Everything in the listing below except the pictures should be reproduced exactly.

### Information shown

====

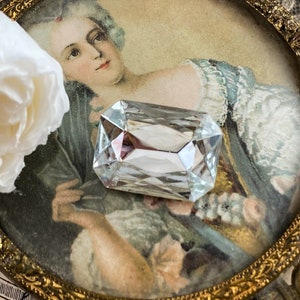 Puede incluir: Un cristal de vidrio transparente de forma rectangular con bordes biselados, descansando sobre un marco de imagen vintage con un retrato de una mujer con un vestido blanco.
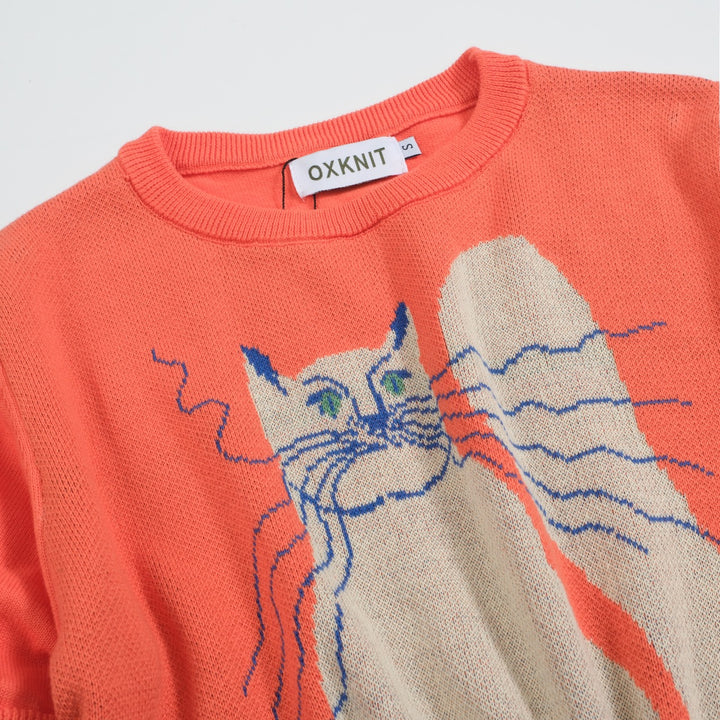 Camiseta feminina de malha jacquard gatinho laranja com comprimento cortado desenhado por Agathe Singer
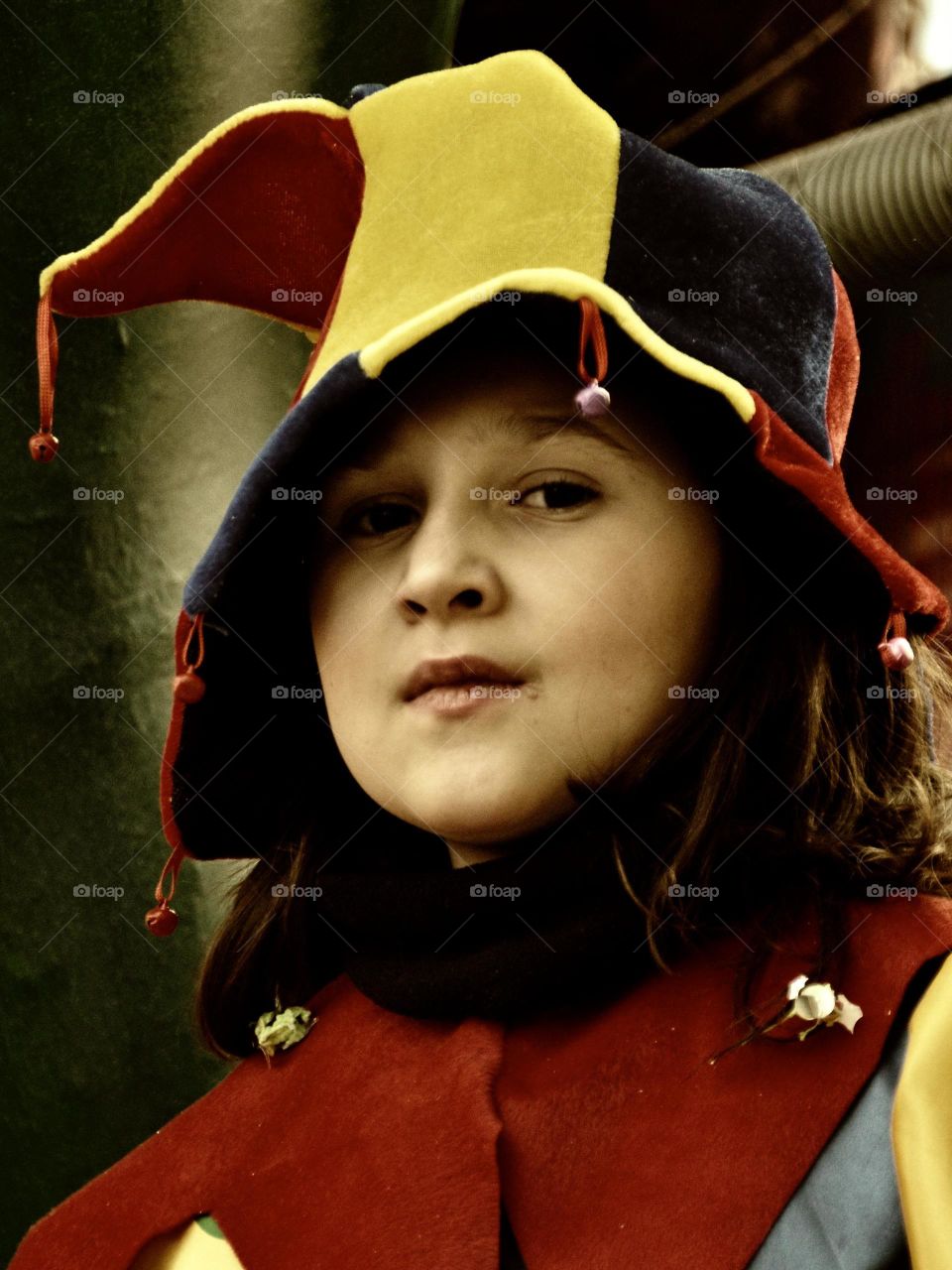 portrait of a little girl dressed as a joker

====

### Output
 Puede incluir: Un cristal de vidrio transparente de forma rectangular con bordes biselados, descansando sobre un marco de imagen vintage con un retrato de una mujer con un vestido blanco.
 Camiseta feminina de malha jacquard gatinho laranja com comprimento cortado desenhado por Agathe Singer
 portrait of a little girl dressed as a joker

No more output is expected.